Independent Sector, which represents nearly 600 charities and foundations, and the National Council of Nonprofit Associations, as well as several other national groups, say that applying the foundation rules to other nonprofit groups would discourage board members from providing charities with paid services at below-market rates, which saves their organizations a great deal of money. They cite the possibility that a board member who owns real estate might be prohibited from leasing a property to his nonprofit group at below prevailing rates, or that a lawyer could not provide paid legal assistance at a reduced cost.

While it may be legal to pay board members for such services, charities would flout the spirit and tradition of nonprofit organizations by doing so.


The overwhelming number of nonprofit groups do not pay their board members for services they provide. When trustees do give legal, accounting, investment, and other types of assistance to the groups they oversee, they traditionally have done so at no charge. That, in large part, is the reason that nonprofit groups have maintained the public confidence and trust. Their board members are viewed as volunteers who oversee and guarantee the integrity of their organizations without any self-interest or desire for financial gain.

It is that role, as independent overseers of nonprofit groups, that the Wise Giving Alliance, a major charity watchdog group, had in mind when it designed one of its standards to limit a nonprofit group’s employees from serving on its board. Under one of the standards, no more than one board member — or 10 percent of a charity’s board members, in the case of bigger boards — can be a person who is paid by the charity.

Independent Sector, the National Council of Nonprofit Associations, and other nonprofit groups have taken a misdirected and harmful position by sanctioning and promoting the idea that some nonprofit trustees deserve to be paid.

Even if it were a wise idea, it would be difficult to figure out a fair way to compensate board members. How much of a “below market” discount would a board member have to offer a nonprofit group — 5, 10, 25 percent below market or more? Who would make those judgments: board members or outside experts? If a lawyer on a nonprofit board is paid for his legal services to the group, why wouldn’t the board member who is an accountant or an investment counselor also deserve to be compensated for whatever assistance he gives or could give? Where would a charity draw the line? It would be extremely difficult, if not impossible, to make those choices.

As governments and foundations have tightened their budgets for supporting nonprofit groups, many organizations have faced pressure in meeting their budgets. But that is no excuse for nonprofit groups to sacrifice their integrity by trying to save a little money by paying board members for their services. If their board members want to provide such services for pay, let them get off the boards and thereby eliminate conflicts of interest. No charity will go out of business because it loses discounted services offered by professional board members.

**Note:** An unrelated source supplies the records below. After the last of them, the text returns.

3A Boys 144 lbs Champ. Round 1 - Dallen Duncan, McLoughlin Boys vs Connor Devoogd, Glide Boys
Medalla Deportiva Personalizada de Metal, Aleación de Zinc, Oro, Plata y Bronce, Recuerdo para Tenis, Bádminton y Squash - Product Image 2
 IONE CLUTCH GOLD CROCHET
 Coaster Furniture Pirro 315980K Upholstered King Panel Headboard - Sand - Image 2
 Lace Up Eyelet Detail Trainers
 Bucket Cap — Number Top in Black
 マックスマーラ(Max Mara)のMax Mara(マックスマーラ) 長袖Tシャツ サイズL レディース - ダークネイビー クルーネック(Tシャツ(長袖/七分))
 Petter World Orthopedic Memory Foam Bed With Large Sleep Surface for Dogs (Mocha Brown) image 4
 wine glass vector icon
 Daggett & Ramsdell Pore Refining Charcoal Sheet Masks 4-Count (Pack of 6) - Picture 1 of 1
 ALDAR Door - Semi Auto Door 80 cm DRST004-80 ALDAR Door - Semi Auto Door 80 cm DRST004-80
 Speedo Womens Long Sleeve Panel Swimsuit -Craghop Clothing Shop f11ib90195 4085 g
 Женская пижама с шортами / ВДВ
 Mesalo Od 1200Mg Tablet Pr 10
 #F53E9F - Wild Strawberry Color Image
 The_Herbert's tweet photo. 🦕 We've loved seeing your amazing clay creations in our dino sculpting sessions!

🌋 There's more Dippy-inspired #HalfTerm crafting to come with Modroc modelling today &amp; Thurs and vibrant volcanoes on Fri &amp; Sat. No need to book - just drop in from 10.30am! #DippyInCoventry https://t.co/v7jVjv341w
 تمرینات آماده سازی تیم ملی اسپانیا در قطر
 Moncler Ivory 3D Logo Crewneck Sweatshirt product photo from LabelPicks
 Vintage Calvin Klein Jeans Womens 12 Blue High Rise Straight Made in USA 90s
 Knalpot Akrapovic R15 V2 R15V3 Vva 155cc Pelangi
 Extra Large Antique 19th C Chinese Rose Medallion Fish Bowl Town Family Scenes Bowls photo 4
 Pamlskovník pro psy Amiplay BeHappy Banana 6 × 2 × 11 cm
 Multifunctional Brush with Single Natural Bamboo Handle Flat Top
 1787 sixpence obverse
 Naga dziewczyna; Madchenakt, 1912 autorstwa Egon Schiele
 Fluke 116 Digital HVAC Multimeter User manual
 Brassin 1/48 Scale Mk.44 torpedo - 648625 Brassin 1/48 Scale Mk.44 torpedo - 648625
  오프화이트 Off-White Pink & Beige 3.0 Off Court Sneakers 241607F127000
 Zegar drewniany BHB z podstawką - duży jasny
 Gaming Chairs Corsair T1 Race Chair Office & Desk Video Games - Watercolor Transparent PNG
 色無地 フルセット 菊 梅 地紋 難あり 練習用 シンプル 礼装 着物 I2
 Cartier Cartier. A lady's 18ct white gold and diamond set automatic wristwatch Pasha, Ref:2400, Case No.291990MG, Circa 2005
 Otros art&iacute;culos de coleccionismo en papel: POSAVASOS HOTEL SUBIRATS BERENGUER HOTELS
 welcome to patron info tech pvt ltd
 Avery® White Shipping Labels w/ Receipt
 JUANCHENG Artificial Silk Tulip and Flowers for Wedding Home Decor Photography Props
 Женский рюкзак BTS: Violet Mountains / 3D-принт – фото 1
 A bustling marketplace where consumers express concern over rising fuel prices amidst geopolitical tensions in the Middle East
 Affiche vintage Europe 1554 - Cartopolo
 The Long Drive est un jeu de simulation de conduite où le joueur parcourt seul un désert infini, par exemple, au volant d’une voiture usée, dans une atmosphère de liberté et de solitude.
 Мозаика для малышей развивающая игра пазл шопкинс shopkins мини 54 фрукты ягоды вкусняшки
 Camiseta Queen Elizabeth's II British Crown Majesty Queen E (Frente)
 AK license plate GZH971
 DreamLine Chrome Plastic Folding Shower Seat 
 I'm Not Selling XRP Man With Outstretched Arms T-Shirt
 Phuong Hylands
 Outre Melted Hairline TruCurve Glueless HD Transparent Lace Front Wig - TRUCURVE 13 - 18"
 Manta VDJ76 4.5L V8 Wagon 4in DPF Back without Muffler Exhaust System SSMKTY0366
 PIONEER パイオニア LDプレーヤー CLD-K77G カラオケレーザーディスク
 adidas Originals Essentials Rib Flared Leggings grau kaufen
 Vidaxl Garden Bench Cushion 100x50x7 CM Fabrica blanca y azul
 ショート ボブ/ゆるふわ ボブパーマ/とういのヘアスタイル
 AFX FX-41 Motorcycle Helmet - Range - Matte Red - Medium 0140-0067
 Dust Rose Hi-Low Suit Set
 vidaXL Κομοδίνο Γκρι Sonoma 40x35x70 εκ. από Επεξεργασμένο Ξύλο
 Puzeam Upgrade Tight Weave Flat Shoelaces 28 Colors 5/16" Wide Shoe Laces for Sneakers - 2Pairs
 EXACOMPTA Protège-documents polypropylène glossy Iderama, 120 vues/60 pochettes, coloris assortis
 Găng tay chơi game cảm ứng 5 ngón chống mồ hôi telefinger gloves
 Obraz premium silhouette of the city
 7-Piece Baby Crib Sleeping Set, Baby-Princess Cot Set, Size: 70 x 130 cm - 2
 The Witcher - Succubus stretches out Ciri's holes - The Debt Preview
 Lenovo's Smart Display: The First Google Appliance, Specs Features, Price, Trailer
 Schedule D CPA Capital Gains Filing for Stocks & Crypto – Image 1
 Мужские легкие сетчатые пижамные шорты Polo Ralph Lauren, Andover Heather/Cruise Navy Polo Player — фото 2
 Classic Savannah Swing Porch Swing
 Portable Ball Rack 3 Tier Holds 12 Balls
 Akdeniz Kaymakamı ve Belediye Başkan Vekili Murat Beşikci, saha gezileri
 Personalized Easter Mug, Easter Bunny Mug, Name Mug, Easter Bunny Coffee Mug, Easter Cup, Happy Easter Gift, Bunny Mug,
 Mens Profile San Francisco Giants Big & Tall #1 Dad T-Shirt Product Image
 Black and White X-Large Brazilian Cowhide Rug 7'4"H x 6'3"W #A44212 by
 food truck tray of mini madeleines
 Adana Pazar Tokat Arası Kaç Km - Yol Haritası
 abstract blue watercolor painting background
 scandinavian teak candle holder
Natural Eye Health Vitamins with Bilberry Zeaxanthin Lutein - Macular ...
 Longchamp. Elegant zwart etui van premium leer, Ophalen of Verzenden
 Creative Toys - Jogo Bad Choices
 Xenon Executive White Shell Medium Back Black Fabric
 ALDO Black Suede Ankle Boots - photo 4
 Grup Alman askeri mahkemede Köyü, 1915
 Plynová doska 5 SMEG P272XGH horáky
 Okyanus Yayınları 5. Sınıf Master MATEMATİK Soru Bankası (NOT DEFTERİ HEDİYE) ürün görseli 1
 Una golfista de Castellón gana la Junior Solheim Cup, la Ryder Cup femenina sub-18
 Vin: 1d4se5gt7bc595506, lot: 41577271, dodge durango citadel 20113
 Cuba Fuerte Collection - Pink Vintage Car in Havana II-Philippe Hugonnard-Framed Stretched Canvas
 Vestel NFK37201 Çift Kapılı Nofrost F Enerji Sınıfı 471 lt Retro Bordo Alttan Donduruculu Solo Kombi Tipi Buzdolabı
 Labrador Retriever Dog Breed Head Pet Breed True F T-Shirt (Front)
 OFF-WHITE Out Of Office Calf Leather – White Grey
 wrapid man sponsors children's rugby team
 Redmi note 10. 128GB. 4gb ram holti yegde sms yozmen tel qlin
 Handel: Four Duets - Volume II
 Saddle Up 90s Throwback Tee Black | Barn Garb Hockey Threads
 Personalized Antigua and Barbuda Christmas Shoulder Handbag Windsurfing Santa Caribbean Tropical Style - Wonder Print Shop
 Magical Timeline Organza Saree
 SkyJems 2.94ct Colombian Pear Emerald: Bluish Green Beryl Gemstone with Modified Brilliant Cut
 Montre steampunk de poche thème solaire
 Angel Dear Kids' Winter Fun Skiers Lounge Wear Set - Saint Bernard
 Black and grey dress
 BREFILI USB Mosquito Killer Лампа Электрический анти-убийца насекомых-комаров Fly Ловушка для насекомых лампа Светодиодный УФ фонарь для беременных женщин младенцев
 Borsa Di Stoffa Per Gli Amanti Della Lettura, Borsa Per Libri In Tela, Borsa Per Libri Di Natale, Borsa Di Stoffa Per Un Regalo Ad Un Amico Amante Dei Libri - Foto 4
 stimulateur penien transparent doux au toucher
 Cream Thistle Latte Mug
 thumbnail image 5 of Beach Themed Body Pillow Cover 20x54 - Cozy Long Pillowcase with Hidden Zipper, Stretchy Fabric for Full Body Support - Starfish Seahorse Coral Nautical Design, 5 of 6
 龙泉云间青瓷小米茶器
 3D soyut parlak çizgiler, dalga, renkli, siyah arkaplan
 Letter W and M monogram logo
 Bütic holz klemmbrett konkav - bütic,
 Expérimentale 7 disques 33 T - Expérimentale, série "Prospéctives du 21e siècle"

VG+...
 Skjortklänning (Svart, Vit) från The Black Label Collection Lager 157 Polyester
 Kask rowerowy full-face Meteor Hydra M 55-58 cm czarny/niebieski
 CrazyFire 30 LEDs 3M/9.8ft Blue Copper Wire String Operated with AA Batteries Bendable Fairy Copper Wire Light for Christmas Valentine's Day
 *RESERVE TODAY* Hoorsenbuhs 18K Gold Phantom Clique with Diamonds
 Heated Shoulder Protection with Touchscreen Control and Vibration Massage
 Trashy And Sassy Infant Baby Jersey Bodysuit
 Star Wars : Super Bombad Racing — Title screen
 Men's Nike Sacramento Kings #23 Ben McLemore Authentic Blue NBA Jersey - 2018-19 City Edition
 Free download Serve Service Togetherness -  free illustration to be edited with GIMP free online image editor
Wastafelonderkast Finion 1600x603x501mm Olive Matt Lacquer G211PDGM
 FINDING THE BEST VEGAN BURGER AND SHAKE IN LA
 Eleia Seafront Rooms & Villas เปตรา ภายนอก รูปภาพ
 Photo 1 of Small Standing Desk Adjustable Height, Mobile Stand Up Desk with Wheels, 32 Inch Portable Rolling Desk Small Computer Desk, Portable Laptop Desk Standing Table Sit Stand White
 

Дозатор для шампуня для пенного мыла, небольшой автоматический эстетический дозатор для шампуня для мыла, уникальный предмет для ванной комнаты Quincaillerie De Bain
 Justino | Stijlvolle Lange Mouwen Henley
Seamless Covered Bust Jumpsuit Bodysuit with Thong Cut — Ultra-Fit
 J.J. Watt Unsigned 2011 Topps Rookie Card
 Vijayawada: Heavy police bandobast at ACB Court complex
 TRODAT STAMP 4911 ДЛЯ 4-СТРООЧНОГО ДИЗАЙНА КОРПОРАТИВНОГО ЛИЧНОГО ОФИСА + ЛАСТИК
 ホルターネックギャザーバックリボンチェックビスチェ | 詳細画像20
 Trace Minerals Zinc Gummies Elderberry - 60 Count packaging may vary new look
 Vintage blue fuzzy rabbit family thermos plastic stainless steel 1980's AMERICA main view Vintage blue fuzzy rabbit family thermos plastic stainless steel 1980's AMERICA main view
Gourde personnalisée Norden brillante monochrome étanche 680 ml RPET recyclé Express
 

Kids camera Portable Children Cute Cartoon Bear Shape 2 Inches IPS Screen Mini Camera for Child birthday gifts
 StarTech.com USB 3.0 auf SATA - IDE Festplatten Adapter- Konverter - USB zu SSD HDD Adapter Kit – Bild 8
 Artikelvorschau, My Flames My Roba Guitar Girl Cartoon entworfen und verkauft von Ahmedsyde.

In their quest for money, too many nonprofit groups are already blurring the lines between what is nonprofit and for-profit, refusing to pay taxes on earnings from businesses unrelated to their missions, selling their mailing lists, offering naming rights to big donors, and stretching already thin ethical boundaries.

If nonprofit groups are serious about raising more money, they should spend their energies lobbying Congress to increase the percentage of assets that foundations are required to distribute each year, which would add billions of dollars to charity coffers. Or they could fight to maintain the estate tax, since keeping it intact will add many billions of dollars a year to foundations and charities and keep the federal treasury healthy so that money is available for government-financed social programs for the needy.

The health and viability of foundations and charities depend on ethical behavior. It is time now for Congress to make sure that the greed of some donors and the pecuniary interests of nonprofit groups don’t impede the ability of charitable organizations to serve society. Self-dealing practices, whether among foundation or nonprofit groups, must be abolished.